MODELING OF THE NON-TURBULENT SURFACE LAYER ELECTRODYNAMIC STRUCTURE
Keywords:
Mathematical modeling, electrodynamics, surface layer, atmosphere, electrode effect, electric field, aeroions, ionization, aerosolAbstract
The article presents an electrodynamic model of the atmospheric surface layer caused by
the action of the electrode effect near the earth's surface, and an analysis of its equations by methods
of similarity theory. Mathematical models of the surface layer electrical state in the approximations
of the classical and turbulent electrode effect are considered separately. In the mathematical
formulation of modeling problems, a number of well-founded physical assumptions were created
that made it possible to obtain analytical solutions to the equations. Analytical formulas have
been obtained for calculating the profiles of aeroion concentrations, the density of the space electric
charge and the electric field in the electrode layer. As a result of mathematical modeling, the
dependences of the electrical characteristics distribution in the surface layer on the values of the
electric field, the degree of air ionization and aerosol pollution of the atmosphere are investigated.
It is shown that the ratio of the electric field values on the earth's surface and at the upper boundary
of the electrode layer is almost constant.
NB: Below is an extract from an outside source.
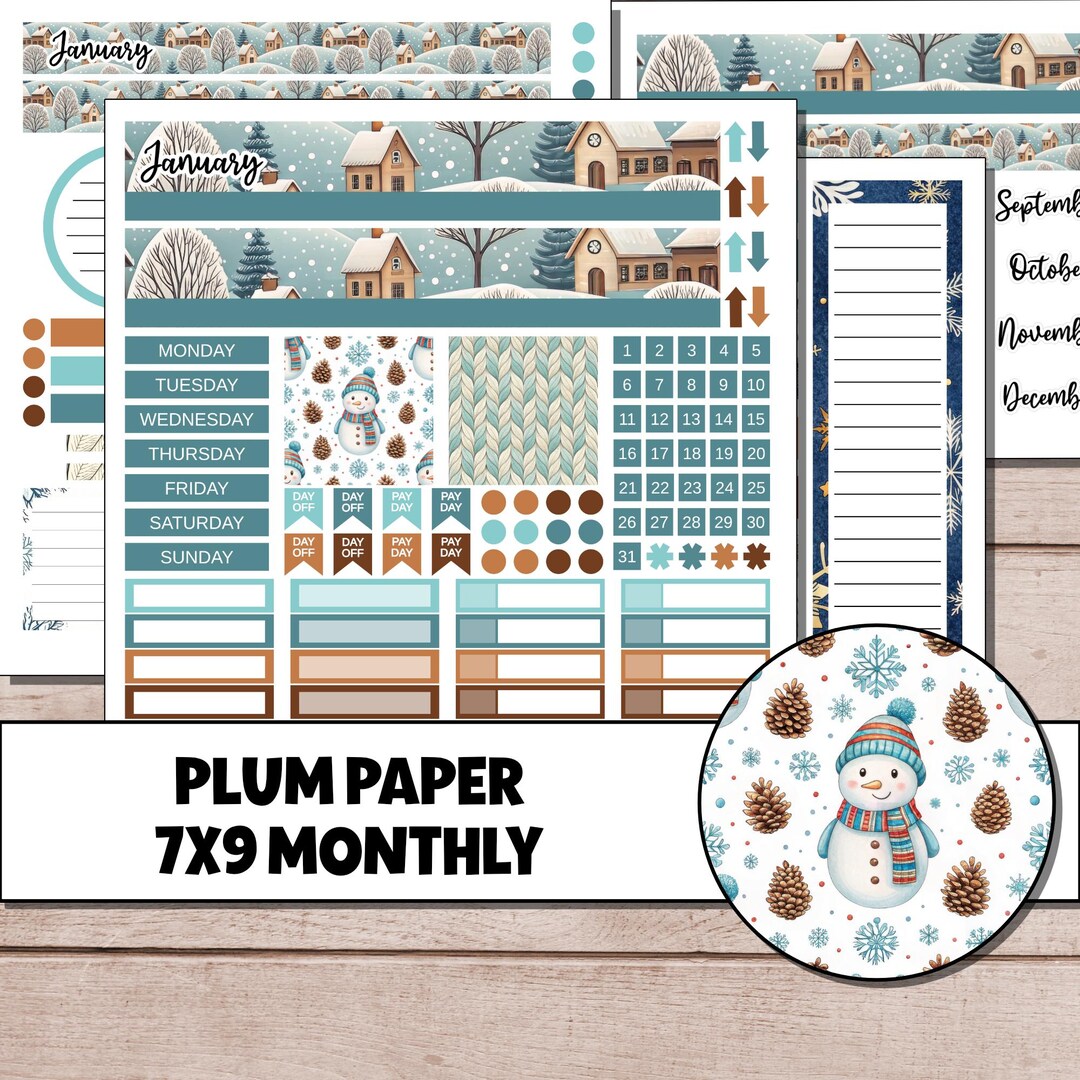 KIT 100 | Snowy Days - Plum Paper 7x9 Monthly Planner | January - Any ...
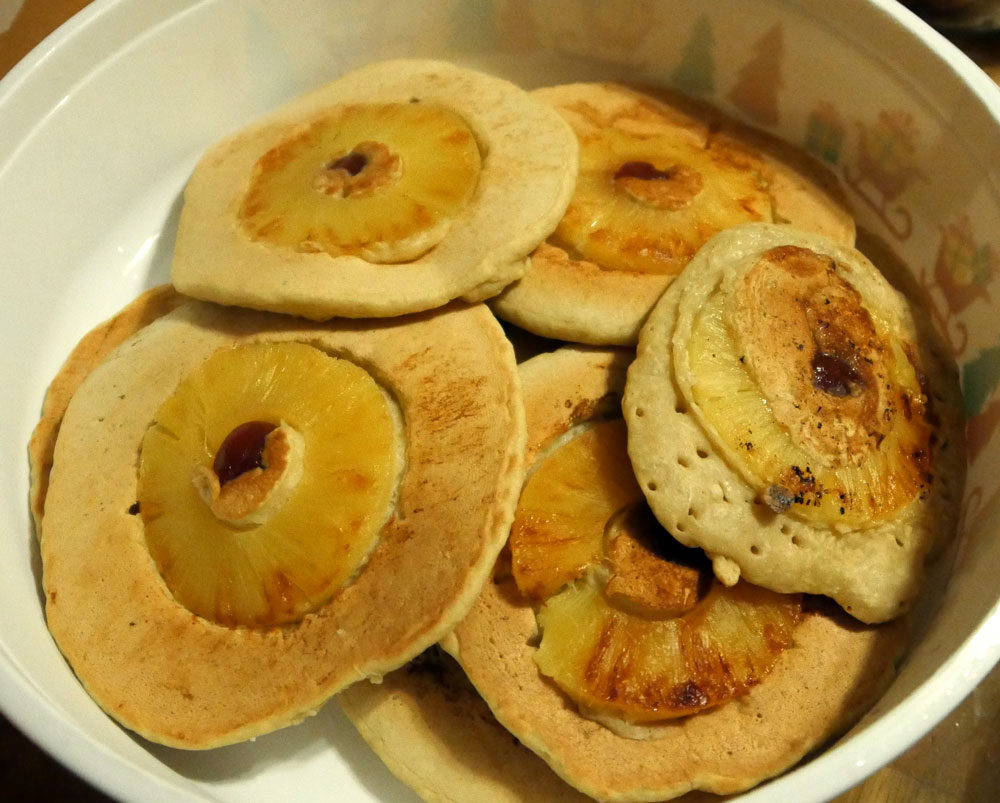 vegan pineapple upside-down pancakes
The increasing of the electric field, the rate of air
ionization and the presence of sufficient concentration aerosol particles leads to a decrease in the
thickness of the electrode layer and, as a consequence, the scale of distribution of its parameters.
An amplification in the degree of ionization increases, and an increase in the concentration of
aerosol particles in the atmosphere decreases the values of the electric charge density in the surface
layer. Theoretical calculations are in good agreement with experimental data and the results
of numerical modeling of the surface layer electrical structure. The analytical formulas obtained
in the work for calculating the electrical characteristics of the surface layer and the results of
calculations can be useful in solving a number of applied problems of geophysics, in particular for
monitoring the electrical state of the atmosphere.